══ Supplied data ══

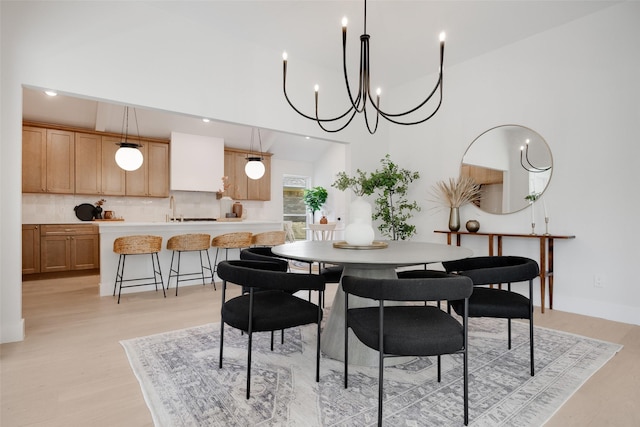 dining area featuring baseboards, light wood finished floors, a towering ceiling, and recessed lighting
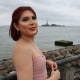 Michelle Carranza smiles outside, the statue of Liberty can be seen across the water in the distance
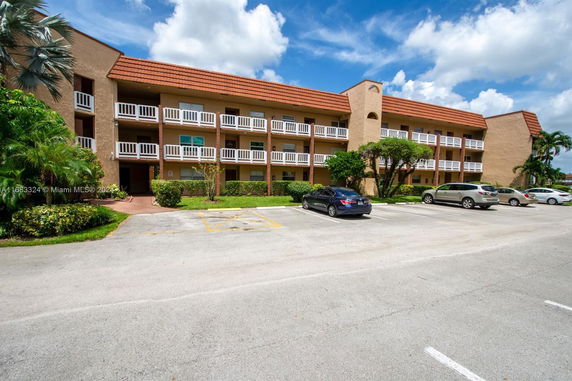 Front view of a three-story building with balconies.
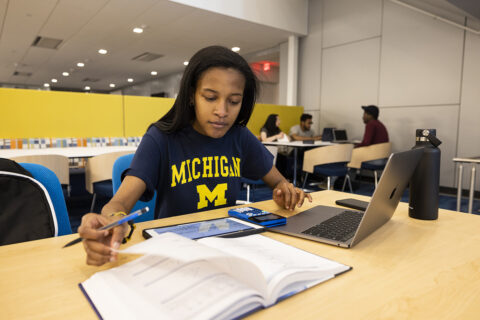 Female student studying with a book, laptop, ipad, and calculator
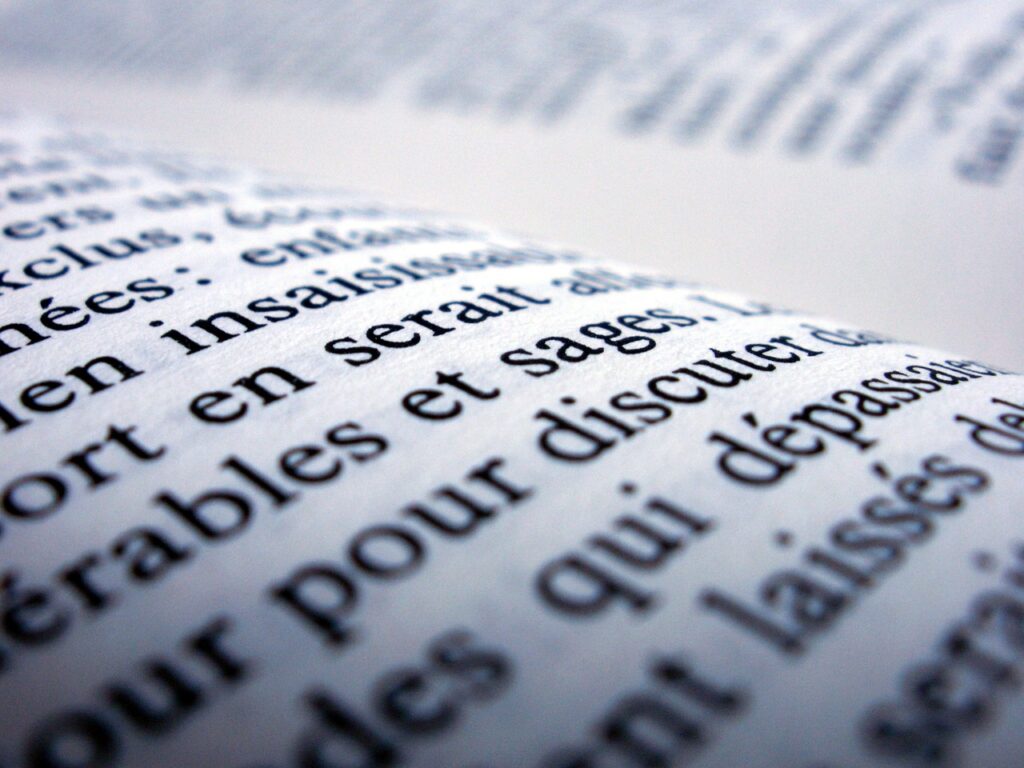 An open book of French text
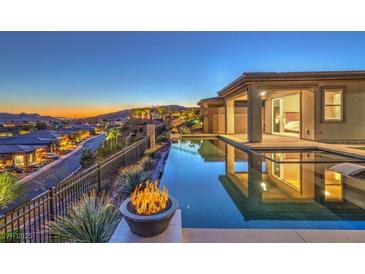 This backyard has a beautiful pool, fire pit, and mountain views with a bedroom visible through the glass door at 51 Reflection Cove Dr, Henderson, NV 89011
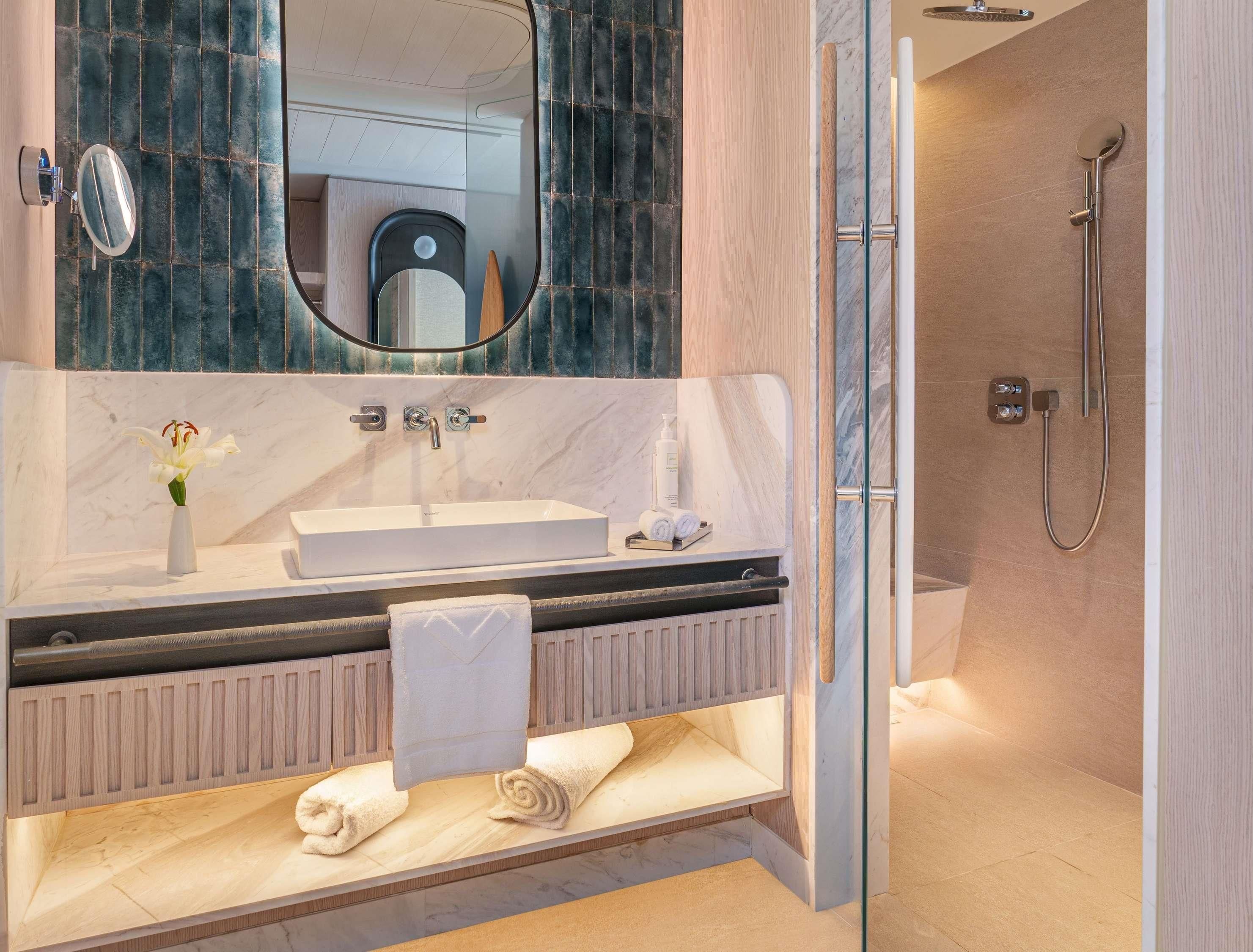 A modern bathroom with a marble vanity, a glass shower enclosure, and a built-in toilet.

═══

Work to complete: Each entry above is to be restated exactly, without its images.

Output for this exercise:
 dining area featuring baseboards, light wood finished floors, a towering ceiling, and recessed lighting
 Michelle Carranza smiles outside, the statue of Liberty can be seen across the water in the distance
 Front view of a three-story building with balconies.
 Female student studying with a book, laptop, ipad, and calculator
 An open book of French text
 This backyard has a beautiful pool, fire pit, and mountain views with a bedroom visible through the glass door at 51 Reflection Cove Dr, Henderson, NV 89011
 A modern bathroom with a marble vanity, a glass shower enclosure, and a built-in toilet.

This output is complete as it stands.